- About this task:
Your task is to restate word for word the line containing "Jigsaw Puzzle Pack" and each line that follows it in the listing, and only those.

- Data for the task:
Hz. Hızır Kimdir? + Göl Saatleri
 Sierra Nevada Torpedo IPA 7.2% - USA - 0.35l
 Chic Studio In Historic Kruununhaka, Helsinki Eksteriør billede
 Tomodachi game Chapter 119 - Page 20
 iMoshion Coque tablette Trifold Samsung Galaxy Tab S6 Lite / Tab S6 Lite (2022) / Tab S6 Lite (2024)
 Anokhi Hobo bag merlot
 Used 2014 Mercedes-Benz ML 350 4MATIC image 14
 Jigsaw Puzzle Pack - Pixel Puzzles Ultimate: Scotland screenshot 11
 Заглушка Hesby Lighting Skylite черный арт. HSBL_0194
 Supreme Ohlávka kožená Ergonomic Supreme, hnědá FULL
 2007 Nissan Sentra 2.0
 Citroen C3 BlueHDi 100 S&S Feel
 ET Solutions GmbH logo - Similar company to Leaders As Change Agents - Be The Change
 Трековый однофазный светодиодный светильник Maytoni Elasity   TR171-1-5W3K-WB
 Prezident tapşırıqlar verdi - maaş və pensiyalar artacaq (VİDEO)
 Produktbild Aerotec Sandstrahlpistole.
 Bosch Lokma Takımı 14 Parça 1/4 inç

- The answer:
 Jigsaw Puzzle Pack - Pixel Puzzles Ultimate: Scotland screenshot 11
 Заглушка Hesby Lighting Skylite черный арт. HSBL_0194
 Supreme Ohlávka kožená Ergonomic Supreme, hnědá FULL
 2007 Nissan Sentra 2.0
 Citroen C3 BlueHDi 100 S&S Feel
 ET Solutions GmbH logo - Similar company to Leaders As Change Agents - Be The Change
 Трековый однофазный светодиодный светильник Maytoni Elasity   TR171-1-5W3K-WB
 Prezident tapşırıqlar verdi - maaş və pensiyalar artacaq (VİDEO)
 Produktbild Aerotec Sandstrahlpistole.
 Bosch Lokma Takımı 14 Parça 1/4 inç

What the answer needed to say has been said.